Jan 26 01:04:59 ip-172-31-1-200.eu-west-3.compute.internal monstache[25689]: ERROR 2023/01/26 01:04:59 Error starting change stream. Will retry: (ChangeStreamHistoryLost) Resume of change stream was not possible, as the resume point may no longer be in the oplog.
Jan 26 01:04:59 ip-172-31-1-200.eu-west-3.compute.internal monstache[25689]: ERROR 2023/01/26 01:04:59 Error starting change stream. Will retry: (ChangeStreamHistoryLost) Resume of change stream was not possible, as the resume point may no longer be in the oplog.
Jan 26 01:04:59 ip-172-31-1-200.eu-west-3.compute.internal monstache[25689]: ERROR 2023/01/26 01:04:59 Error starting change stream. Will retry: (ChangeStreamHistoryLost) Resume of change stream was not possible, as the resume point may no longer be in the oplog.
Jan 26 01:04:59 ip-172-31-1-200.eu-west-3.compute.internal monstache[25689]: ERROR 2023/01/26 01:04:59 Error starting change stream. Will retry: (ChangeStreamHistoryLost) Resume of change stream was not possible, as the resume point may no longer be in the oplog.
Jan 26 01:04:59 ip-172-31-1-200.eu-west-3.compute.internal monstache[25689]: ERROR 2023/01/26 01:04:59 Error starting change stream. Will retry: (ChangeStreamHistoryLost) Resume of change stream was not possible, as the resume point may no longer be in the oplog.
Jan 26 01:04:59 ip-172-31-1-200.eu-west-3.compute.internal monstache[25689]: ERROR 2023/01/26 01:04:59 Error starting change stream. Will retry: (ChangeStreamHistoryLost) Resume of change stream was not possible, as the resume point may no longer be in the oplog.
Jan 26 01:04:59 ip-172-31-1-200.eu-west-3.compute.internal monstache[25689]: ERROR 2023/01/26 01:04:59 Error starting change stream. Will retry: (ChangeStreamHistoryLost) Resume of change stream was not possible, as the resume point may no longer be in the oplog.
Jan 26 01:04:59 ip-172-31-1-200.eu-west-3.compute.internal monstache[25689]: ERROR 2023/01/26 01:04:59 Error starting change stream. Will retry: (ChangeStreamHistoryLost) Resume of change stream was not possible, as the resume point may no longer be in the oplog.

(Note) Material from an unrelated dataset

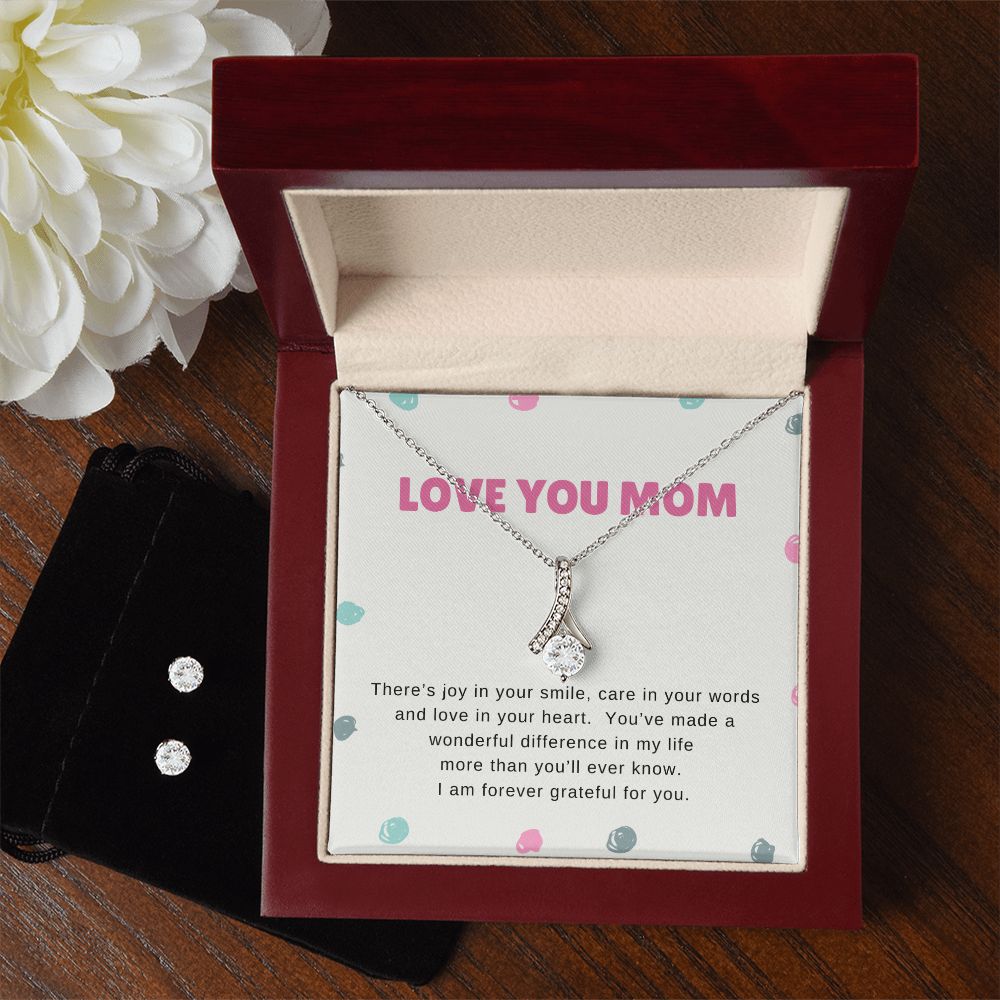 Mom Necklace & Earring Set-Joy in your smile - Custom Heart Design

I'm a little bit new in mongo administration, here is the check command I ran :

Atlas atlas-lmkye1-shard-0 [primary] test> rs.printReplicationInfo()
actual oplog size
'1782.485107421875 MB'
---
configured oplog size
'1782.485107421875 MB'
---
log length start to end
'513558.99999570847 secs (142.66 hrs)'
---
oplog first event time
'Fri Jan 20 2023 02:45:29 GMT 0000 (Coordinated Universal Time)'
---
oplog last event time
'Thu Jan 26 2023 01:24:48 GMT 0000 (Coordinated Universal Time)'
---
now
'Thu Jan 26 2023 01:24:57 GMT 0000 (Coordinated Universal Time)'
Atlas atlas-lmkye1-shard-0 [primary] test>

Please any idea about could be he problem?

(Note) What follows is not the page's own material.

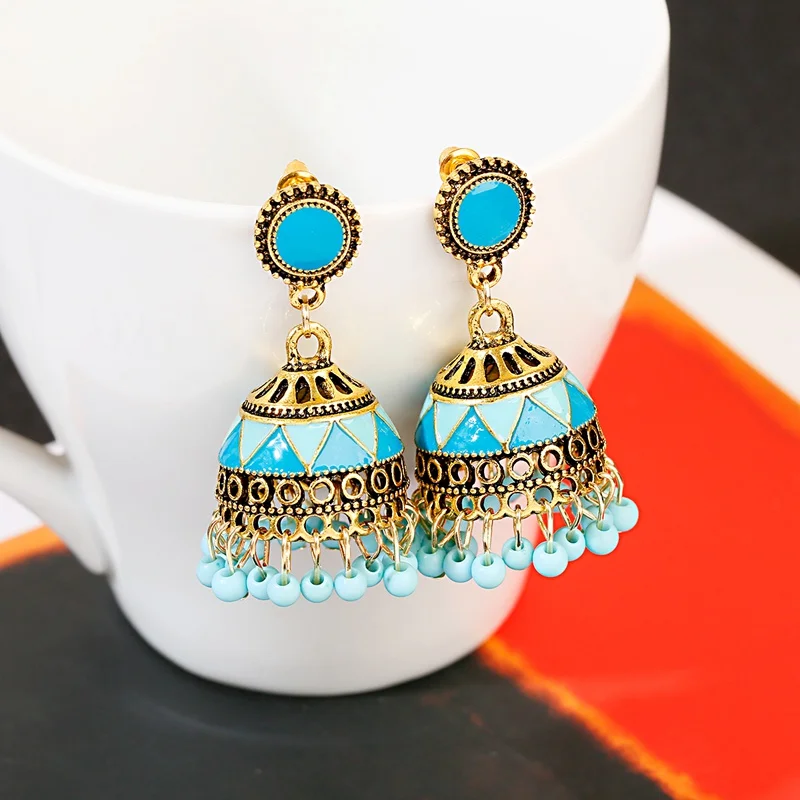 Indian Style Blue Geometric Tassel Jhumka Earrings Gypsy Gold Color Earrings Women Ladies Round Bell Earrings Oorbellen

CodePudding user response：

First some background:

A mongodb change stream returns documents from the operations log that the replica set members use to keep in sync.
The oplog is a capped collection, so it will automatically delete the oldest entries to keep below its maximum size.
When you retrieve a batch of documents from a change stream, it includes a resume token, which identifies the point in the oplog where that batch was taken

So if you attempt to resume a change stream, but the resume token refers to a point that is no longer in the oplog, you have no way to know whether or not you have missed anything.

The checks you ran indicate that the oldest event in the oplog is ~6 days old, suggesting that either monstache was stalled for a week, or the resume token it is using is not valid.

CodePudding user response：

Going from here It seemed like the monstache metadata was invalid.

So I droped the collection monstache.monstache used by monstache for its sync operations, restarted the monstache service and it's now syncing without error.